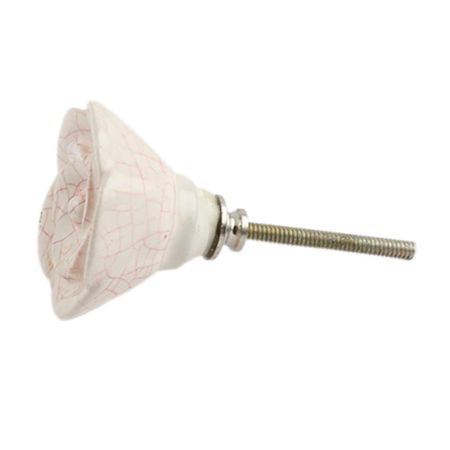 Cream Pink Rose Ceramic Cupboard Dresser Knob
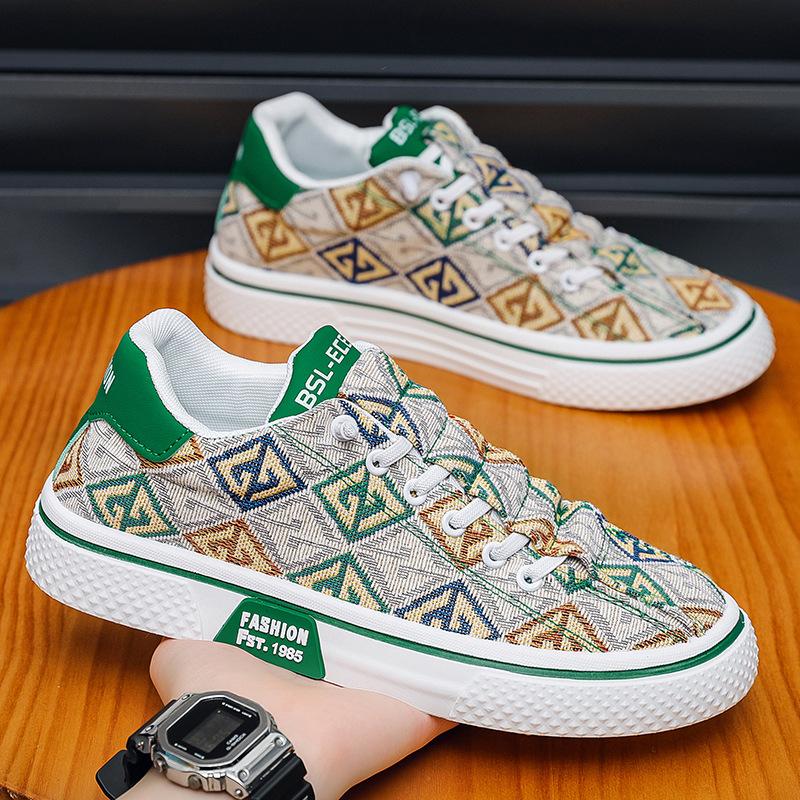 Summer Casual Shoes Men's Printed Canvas Shoes Trendy Low-top Student Sports Shoes Comfortable Versatile Fashion Board Shoes Men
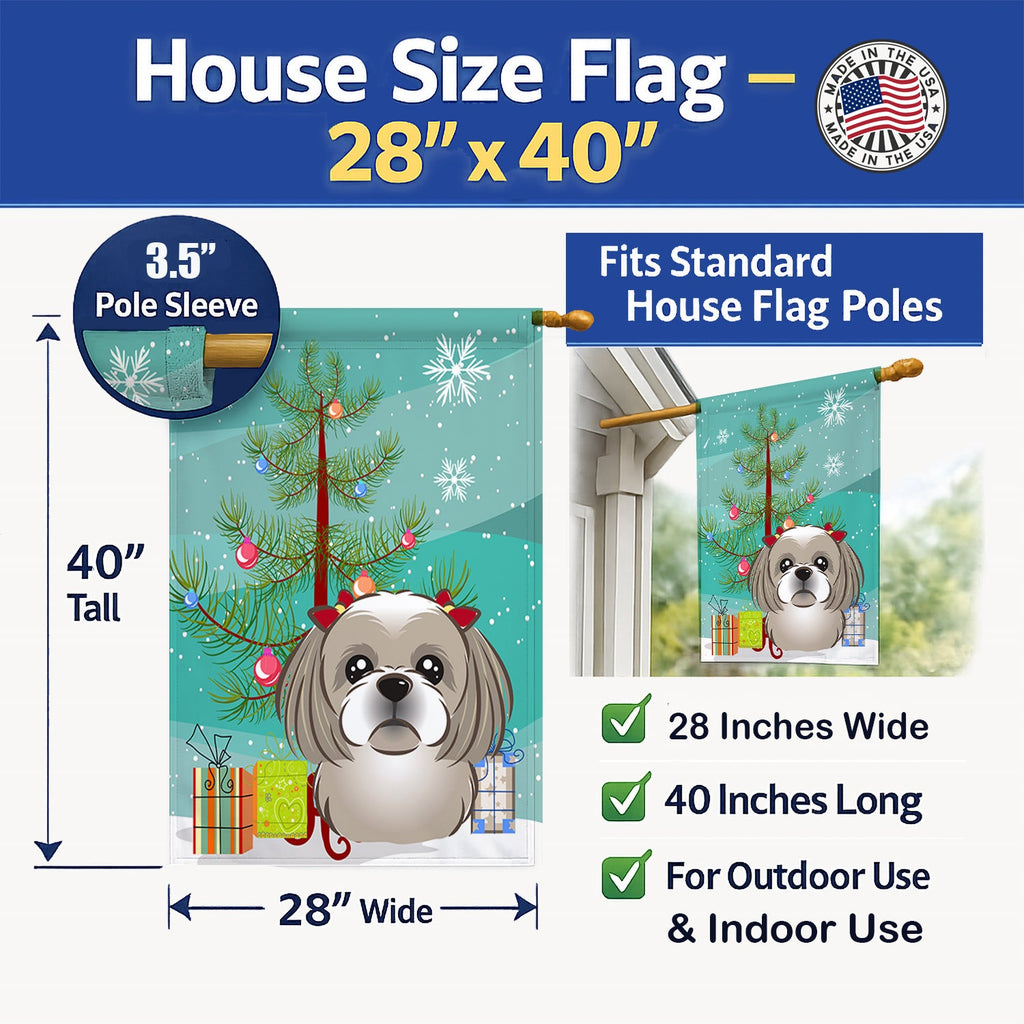 Christmas Tree and Gray Silver Shih Tzu House Flag 28x40 Porch Sleeve Pole Decorative Outside Yard Banner Artwork Wall Hanging, Polyester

- What the exercise asks
A word-for-word copy of the lines from the one with "Summer Casual Shoes" through the last line of the data above is required, with both end lines included and no pictures.

- The answer
 Summer Casual Shoes Men's Printed Canvas Shoes Trendy Low-top Student Sports Shoes Comfortable Versatile Fashion Board Shoes Men
 Christmas Tree and Gray Silver Shih Tzu House Flag 28x40 Porch Sleeve Pole Decorative Outside Yard Banner Artwork Wall Hanging, Polyester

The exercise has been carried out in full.